Also technisch verwand ist sie mit der Desktop GTX465. So würde ich von der Rechenleistung in etwa auf die einer GTX260 216 einschätzen, vllt sogar etwas mehr, da sie ja 352 Shader hat.


----------



## Bluebox (25. Mai 2010)

*AW: Geforce GTX 480M: Nvidia bringt seine neue Direct X11 High- End Grafikkarte für Notebooks.*

Hm ja, das könnte ganz gut sein, mit der HD5830.  Die GTX480m hat ja genauso viele Shader wie die GTX465 Desktop oder?

@Superwip KW, bestimmt.

Mit der Fermi kann ich sogar den Weltraum aufwärmen


----------



## loop (25. Mai 2010)

*AW: Geforce GTX 480M: Nvidia bringt seine neue Direct X11 High- End Grafikkarte für Notebooks.*

Genau, exakt gleich viele Shader. Nur eben der etwas geringere Takt.


----------



## Ezio (25. Mai 2010)

*AW: Geforce GTX 480M: Nvidia bringt seine neue Direct X11 High- End Grafikkarte für Notebooks.*

Warum hat die mehr VRAM als die Desktop Karte?


----------



## loop (25. Mai 2010)

*AW: Geforce GTX 480M: Nvidia bringt seine neue Direct X11 High- End Grafikkarte für Notebooks.*

Das weis niemand so genau, vllt einfach aus marketinggründen, oder weil es eben DIE Highendkarte ist.


----------



## Krabbat (27. Mai 2010)

*AW: Geforce GTX 480M: Nvidia bringt seine neue Direct X11 High- End Grafikkarte für Notebooks.*

wahrscheinlich einfach nur für richtige high end notebooks gedacht, die dann teuer sind und dafür dann halt viel viedeospeicher haben
ist zwar etwas schwachsinnig meiner meinnung nach aber nun gut


----------



## chris-gz (27. Mai 2010)

*AW: Geforce GTX 480M: Nvidia bringt seine neue Direct X11 High- End Grafikkarte für Notebooks.*

Naja wieder was wo Laptoppreise ins unermessliche steigen lässt. Ich find Laptops (auch wenn ich mir den Acer erst für 1200€ gekauft habe) sowieso total überteuert. Leisten tun se so gut wie nix auch die ganz großen nicht, kosten aber weit mehr wie zb Desktops mit weit weit weit mehr Leistung. Find ich irgendwo ne Sauerei aber da kann man wohl nix ändern. Wir kaufens ja trotzdem. Jedenfalls find ich das oben bzw auf Seite 1 vorgestellte Laptop sogar für Lapi-Preise viel zu teuer.

Gruss Chris


----------



## 1821984 (28. Mai 2010)

*AW: Geforce GTX 480M: Nvidia bringt seine neue Direct X11 High- End Grafikkarte für Notebooks.*

naja laptoppreise sind nicht so teuer wie ihr immer denkt. Die Baugröße ist dort der entscheidene Faktor!
außerdem haben Notebooks in sachen leistung einen enormen Sprung nach vorne gemacht gegenüber 2009.
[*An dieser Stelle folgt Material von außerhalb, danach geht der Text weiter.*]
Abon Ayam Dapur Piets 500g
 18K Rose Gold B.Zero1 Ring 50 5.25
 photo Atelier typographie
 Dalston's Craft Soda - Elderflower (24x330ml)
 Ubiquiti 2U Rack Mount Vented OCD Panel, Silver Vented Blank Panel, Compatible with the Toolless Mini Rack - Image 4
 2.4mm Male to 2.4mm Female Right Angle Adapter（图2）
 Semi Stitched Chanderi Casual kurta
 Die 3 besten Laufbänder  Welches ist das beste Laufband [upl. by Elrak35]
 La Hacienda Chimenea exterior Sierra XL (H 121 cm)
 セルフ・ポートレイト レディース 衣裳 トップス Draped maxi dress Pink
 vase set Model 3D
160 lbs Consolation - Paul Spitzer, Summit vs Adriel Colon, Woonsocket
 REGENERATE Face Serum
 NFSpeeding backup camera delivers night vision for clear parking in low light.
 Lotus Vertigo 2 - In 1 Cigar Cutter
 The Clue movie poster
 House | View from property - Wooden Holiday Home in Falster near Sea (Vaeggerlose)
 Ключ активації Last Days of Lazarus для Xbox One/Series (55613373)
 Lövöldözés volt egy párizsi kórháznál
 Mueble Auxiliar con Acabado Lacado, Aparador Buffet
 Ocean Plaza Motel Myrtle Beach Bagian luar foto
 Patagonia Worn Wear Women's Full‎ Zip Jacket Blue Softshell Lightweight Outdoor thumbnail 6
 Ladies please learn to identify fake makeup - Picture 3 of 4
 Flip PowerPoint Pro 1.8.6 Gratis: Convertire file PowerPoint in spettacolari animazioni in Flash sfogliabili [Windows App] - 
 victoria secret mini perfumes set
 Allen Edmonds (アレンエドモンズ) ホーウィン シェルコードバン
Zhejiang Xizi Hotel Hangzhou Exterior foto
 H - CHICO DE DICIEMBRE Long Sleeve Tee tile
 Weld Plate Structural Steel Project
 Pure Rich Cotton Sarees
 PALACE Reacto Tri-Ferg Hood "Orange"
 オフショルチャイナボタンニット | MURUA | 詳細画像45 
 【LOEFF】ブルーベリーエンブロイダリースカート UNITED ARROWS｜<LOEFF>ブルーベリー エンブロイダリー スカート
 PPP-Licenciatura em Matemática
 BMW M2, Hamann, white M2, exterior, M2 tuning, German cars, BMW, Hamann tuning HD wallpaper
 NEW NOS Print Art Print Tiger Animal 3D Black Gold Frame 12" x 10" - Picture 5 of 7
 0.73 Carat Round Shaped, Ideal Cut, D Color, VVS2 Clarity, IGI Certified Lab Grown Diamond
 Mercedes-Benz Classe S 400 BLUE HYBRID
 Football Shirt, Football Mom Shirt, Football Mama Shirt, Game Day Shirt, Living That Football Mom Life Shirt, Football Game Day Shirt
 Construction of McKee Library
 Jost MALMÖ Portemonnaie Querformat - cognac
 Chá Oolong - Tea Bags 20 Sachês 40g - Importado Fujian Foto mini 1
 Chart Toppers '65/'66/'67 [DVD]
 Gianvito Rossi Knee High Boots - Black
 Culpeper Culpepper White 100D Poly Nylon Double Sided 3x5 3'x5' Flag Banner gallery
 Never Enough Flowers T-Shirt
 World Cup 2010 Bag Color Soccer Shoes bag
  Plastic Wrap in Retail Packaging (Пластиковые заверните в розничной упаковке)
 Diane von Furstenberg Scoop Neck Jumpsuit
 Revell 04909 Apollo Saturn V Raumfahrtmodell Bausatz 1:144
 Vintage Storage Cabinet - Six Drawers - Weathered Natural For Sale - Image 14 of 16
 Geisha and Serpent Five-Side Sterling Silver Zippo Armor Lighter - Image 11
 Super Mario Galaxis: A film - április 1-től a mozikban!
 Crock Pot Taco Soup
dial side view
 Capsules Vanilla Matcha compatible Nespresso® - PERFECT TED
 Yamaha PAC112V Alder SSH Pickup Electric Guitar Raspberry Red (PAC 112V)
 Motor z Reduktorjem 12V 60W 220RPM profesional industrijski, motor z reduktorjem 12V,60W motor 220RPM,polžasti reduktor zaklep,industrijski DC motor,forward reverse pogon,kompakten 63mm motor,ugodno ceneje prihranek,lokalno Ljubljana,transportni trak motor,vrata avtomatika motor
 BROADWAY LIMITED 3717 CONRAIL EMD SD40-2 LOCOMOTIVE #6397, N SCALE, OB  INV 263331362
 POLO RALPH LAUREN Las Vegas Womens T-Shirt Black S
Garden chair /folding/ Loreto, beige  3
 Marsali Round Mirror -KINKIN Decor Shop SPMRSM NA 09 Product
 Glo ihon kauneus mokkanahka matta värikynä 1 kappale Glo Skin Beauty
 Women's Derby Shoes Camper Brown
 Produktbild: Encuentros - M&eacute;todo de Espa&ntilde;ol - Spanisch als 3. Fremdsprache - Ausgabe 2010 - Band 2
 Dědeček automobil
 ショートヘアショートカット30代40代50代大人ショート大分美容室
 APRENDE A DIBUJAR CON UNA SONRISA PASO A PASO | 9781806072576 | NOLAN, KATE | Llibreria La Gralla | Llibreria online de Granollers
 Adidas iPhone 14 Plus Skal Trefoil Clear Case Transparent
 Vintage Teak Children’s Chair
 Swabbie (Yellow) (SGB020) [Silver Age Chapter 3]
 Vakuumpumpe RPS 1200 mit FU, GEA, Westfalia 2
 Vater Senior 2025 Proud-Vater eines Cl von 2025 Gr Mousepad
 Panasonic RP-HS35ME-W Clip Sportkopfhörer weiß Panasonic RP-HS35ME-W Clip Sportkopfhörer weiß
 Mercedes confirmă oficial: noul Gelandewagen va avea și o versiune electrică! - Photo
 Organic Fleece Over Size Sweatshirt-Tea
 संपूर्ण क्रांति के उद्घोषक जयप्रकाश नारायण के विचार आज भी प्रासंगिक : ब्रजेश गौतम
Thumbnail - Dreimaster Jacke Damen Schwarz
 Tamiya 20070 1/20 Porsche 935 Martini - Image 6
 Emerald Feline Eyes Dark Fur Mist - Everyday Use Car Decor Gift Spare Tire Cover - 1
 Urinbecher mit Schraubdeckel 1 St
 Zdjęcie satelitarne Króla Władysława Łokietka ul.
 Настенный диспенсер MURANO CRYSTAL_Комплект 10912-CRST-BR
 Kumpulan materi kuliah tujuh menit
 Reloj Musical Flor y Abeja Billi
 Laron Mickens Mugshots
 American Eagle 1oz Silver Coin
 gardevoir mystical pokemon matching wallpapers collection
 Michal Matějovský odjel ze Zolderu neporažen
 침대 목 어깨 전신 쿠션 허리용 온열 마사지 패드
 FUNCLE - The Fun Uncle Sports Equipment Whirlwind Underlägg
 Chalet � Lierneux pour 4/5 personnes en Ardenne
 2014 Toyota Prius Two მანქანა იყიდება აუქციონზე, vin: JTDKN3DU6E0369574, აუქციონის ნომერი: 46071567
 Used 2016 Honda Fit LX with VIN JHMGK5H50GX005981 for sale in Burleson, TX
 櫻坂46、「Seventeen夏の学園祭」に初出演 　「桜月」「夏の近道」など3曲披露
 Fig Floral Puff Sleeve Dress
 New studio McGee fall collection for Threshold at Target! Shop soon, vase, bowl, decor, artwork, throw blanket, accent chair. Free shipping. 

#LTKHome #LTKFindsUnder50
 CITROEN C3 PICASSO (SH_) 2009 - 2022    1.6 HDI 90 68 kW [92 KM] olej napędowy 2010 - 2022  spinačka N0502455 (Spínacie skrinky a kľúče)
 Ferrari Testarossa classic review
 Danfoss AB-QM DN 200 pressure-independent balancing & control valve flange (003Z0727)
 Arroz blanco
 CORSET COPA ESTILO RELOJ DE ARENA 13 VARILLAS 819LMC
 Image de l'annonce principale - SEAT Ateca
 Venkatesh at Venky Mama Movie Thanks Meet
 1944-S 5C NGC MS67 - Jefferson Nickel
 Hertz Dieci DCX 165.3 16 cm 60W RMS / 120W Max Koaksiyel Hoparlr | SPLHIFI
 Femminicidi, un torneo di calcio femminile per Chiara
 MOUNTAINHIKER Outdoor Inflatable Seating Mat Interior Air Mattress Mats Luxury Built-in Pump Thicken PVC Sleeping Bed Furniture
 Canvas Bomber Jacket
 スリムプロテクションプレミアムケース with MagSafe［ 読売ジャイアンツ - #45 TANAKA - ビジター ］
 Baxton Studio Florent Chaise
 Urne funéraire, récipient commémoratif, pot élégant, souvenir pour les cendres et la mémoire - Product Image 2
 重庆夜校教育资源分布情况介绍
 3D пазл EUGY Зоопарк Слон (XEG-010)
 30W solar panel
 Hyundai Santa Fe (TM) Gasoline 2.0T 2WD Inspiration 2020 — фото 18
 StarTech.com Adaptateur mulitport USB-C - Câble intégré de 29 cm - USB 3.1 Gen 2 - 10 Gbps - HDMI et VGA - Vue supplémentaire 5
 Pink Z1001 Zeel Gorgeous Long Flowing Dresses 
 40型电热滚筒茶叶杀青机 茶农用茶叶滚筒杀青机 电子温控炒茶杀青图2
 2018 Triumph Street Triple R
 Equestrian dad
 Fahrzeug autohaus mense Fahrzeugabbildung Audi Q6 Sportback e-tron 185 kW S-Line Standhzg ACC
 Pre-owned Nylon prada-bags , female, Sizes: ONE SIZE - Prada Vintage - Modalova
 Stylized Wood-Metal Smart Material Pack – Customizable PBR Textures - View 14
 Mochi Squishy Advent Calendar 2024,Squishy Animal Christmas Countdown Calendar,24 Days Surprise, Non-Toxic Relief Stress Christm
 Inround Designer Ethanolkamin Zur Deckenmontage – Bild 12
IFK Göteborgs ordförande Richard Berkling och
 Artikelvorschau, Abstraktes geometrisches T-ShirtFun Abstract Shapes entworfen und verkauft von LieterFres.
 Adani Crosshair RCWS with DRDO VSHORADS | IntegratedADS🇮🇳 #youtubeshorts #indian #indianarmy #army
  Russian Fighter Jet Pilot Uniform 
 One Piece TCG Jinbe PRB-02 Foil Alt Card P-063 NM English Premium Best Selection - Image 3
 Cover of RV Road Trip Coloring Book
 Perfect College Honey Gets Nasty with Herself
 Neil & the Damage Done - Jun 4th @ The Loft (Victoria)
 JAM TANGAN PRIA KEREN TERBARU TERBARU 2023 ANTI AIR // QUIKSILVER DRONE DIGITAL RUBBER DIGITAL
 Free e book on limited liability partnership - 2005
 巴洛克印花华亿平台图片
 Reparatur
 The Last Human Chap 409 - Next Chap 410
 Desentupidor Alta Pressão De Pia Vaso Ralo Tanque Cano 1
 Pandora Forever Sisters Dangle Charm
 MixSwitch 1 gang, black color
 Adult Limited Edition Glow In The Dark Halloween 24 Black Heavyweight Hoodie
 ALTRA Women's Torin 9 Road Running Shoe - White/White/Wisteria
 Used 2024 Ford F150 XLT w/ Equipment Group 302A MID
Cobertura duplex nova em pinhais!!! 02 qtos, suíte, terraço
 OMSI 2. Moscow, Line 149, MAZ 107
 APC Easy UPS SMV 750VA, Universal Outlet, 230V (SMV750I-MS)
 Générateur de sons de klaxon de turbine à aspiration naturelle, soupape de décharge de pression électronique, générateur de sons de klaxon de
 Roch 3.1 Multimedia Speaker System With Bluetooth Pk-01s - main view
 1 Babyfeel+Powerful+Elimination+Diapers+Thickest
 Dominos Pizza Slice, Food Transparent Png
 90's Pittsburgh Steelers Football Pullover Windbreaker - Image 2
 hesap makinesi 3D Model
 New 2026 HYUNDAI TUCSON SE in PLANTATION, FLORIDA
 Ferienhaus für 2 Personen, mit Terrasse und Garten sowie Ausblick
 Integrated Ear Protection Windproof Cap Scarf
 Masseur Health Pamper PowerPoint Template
Eigentlich sollten laptops ja auch was für unterwegs sein. Aber da die Kunden ja jetzt meistens lieber aufn Sofa sitzen und auch nicht mehr son alten Blechkasten unterm Tisch stehen haben wollen, kaufen sie sich einen laptop.
Dann gibts da noch die jüngere Kundschaft, wie wir, die natürlich auch mal zocken wollen damit. Und genau da liegt der springende Punkt. Für Office und bischen Internet braucht es nicht viel. da kann man sich auch nen laptop für 300-350€ kaufen. Diese sind dann wohl kaum teurer als nen Desktop. Aber ne graka wie eine 5770 oder 5830 so klein zu kriegen, dass sie in ein Notebook passt und dabei den Wärmehaushalt nicht sprängt, dass macht das so teuer. Der wahre gamer würde sich nie und niemer ein Laptop für regelmäßiges Zocken kaufen. Vielleicht für zwischdurch, wenn er grad bei Oma ist oder so aber zuhause hat er dann doch sein großen Rechner, der min. die 4fache leistung, Stromverbrauch usw. hat. So sachen wie die neue GTX480m sind nachher nen alter Hut. Die Erde drehrt sich halt weiter. Aber in einem Jahr werden diese (heute high-End) Karten in jeden standart laptop drin sein.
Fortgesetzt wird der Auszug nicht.